Michel Soukar a dressé un tableau embrumé de la situation politique du pays qui se répercute comme un tentacule sur toutes les sphères de la vie nationale. Le sénior journaliste a censuré le comportement des acteurs haïtiens tout en nous proposant des recommandations, lors de la retransmission de l’émission Haïti débat du mardi 29 octobre 2019.
Le président a perdu toute sa légitimité. Il a perdu le contrôle de l’ensemble du territoire national. La population se désolidarise largement avec lui. De son côté, l’opposition institutionnelle est divisée. Elle n’a pas un discours probant au même titre que le chef de l’État. Les leaders ne sont pas crédibles. Leur incrédibilité créé un grand vide sur l’échiquier politique. C’est ce qui explique la présence, jusqu’à nos jours, de Jovenel Moise sur le pouvoir.
Le pays se soumet à la loi de la jungle. L’opposition institutionnelle sans projet, sans crédit ne peut conquérir le pouvoir. En dépit de tout, nous avons encore de l’opportunité pour trouver une solution à l’haïtienne.
L’international, pour sa part, laisserait la situation se dégénère jusqu’à son irréversibilité pour nous imposer sa propre solution. Nous sommes à 1 heure 40 de Miami. Les terroristes vivent de l’instabilité. Ils peuvent profiter de cette situation en Haïti pour s’infiltrer aux États-Unis. Si la situation perdure, les américains vont débarquer. Mais ils ne vont pas débarquer de la même manière qu’en 1915.
Nous n’allons pas sortir dans le carcan dans lequel nous nous trouvons aujourd’hui avec un idéal dessalinien, mais de préférence louverturien. Le moment n’est pas dessalinien, mais louverturien. Nous devons adopter la méthode de Toussaint Louverture, non pas celle de Dessalines. Nous devons nous sortir du stade de chefs de bande pour devenir des chefs d’État, des hommes politiques. La politique ne consiste pas à laminer un pays mais à l’organiser de façon à ce que l’on puisse permettre au peuple de devenir heureux. La politique, c’est d’apprendre à son peuple à vivre ensemble. Elle doit cesser d’anéantir le pays.
De même que Jovenel Moise, les protagonistes de l’opposition se comportent en caïd. Ils ne visent que leurs intérêts personnels ou du moins de leur groupe. Si nous continuons de maintenir ce genre de comportement, nous allons tout droit vers un chaos généralisé. Dans les situations de chaos généralisé, c’est le fanatisme qui prévaut.
Nous devons construire le pays. On n’arrivera pas à le construire sans le savoir, la science et l’avoir.

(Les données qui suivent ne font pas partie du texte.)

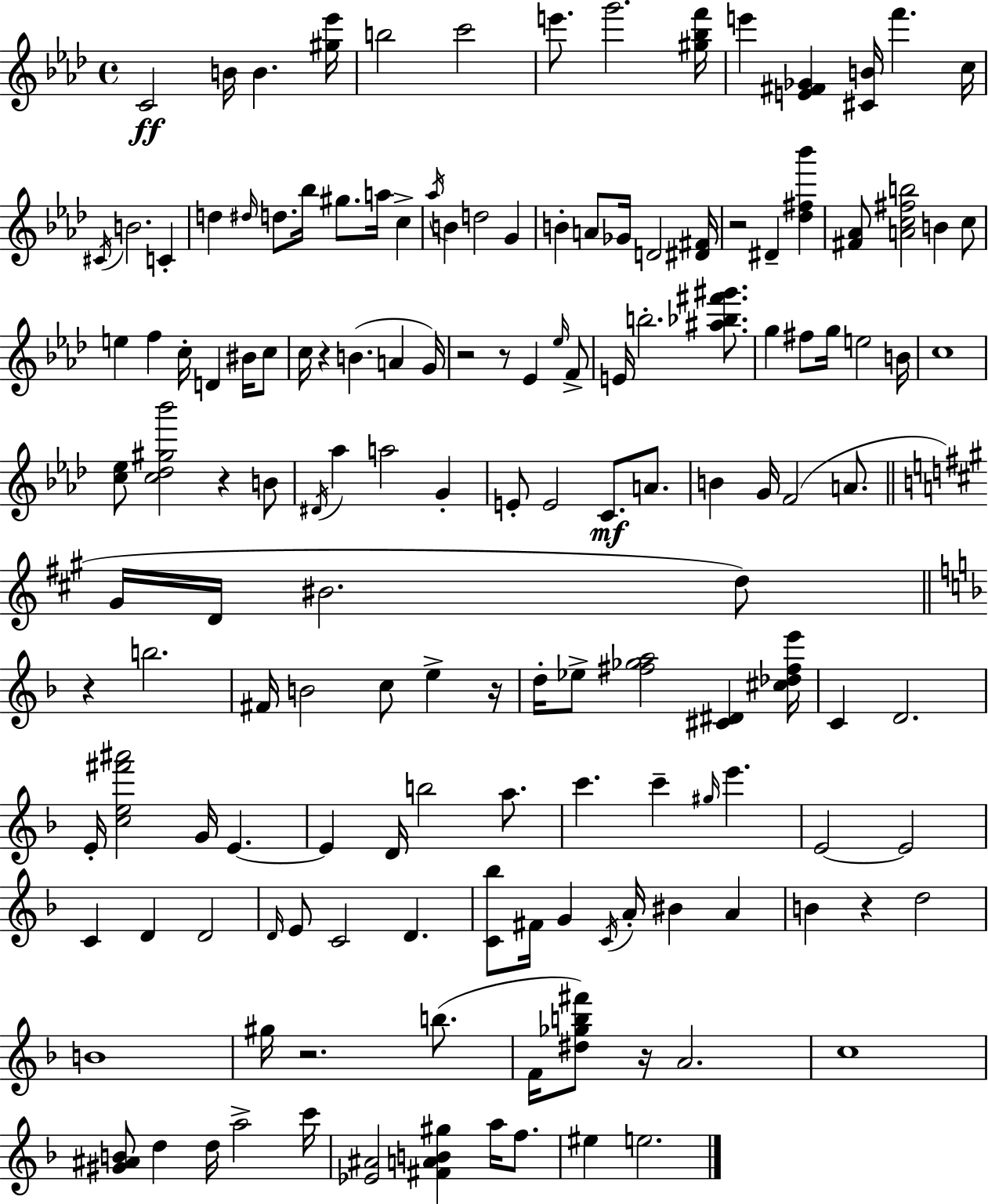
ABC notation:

X:1
T:Untitled
M:4/4
L:1/4
K:Fm
C2 B/4 B [^g_e']/4 b2 c'2 e'/2 g'2 [^g_bf']/4 e' [E^F_G] [^CB]/4 f' c/4 ^C/4 B2 C d ^d/4 d/2 _b/4 ^g/2 a/4 c _a/4 B d2 G B A/2 _G/4 D2 [^D^F]/4 z2 ^D [_d^f_b'] [^F_A]/2 [Ac^fb]2 B c/2 e f c/4 D ^B/4 c/2 c/4 z B A G/4 z2 z/2 _E _e/4 F/2 E/4 b2 [^a_b^f'^g']/2 g ^f/2 g/4 e2 B/4 c4 [c_e]/2 [c_d^g_b']2 z B/2 ^D/4 _a a2 G E/2 E2 C/2 A/2 B G/4 F2 A/2 ^G/4 D/4 ^B2 d/2 z b2 ^F/4 B2 c/2 e z/4 d/4 _e/2 [^f_ga]2 [^C^D] [^c_d^fe']/4 C D2 E/4 [ce^f'^a']2 G/4 E E D/4 b2 a/2 c' c' ^g/4 e' E2 E2 C D D2 D/4 E/2 C2 D [C_b]/2 ^F/4 G C/4 A/4 ^B A B z d2 B4 ^g/4 z2 b/2 F/4 [^d_gb^f']/2 z/4 A2 c4 [^G^AB]/2 d d/4 a2 c'/4 [_E^A]2 [^FAB^g] a/4 f/2 ^e e2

Il ne peut y avoir de progrès sans le savoir. Nous n’avons qu’un héritage. Il s’appelle Haïti. Nous devons cesser de la détruire en ne protégeant que nos intérêts mesquins. On ne fait pas de la politique pour soi, mais pour les enfants et la postérité. Nous devons apporter une nouvelle vision sur la scène pour le bonheur du pays. Haïti était un pays de référence. Nous étions le pays du droit de l’homme. « Voilà pourquoi je ne me suis pas accordé à Jovenel Moise quand il s’était associé aux américains contre le Venezuela », s’est indigné Michel Soukar.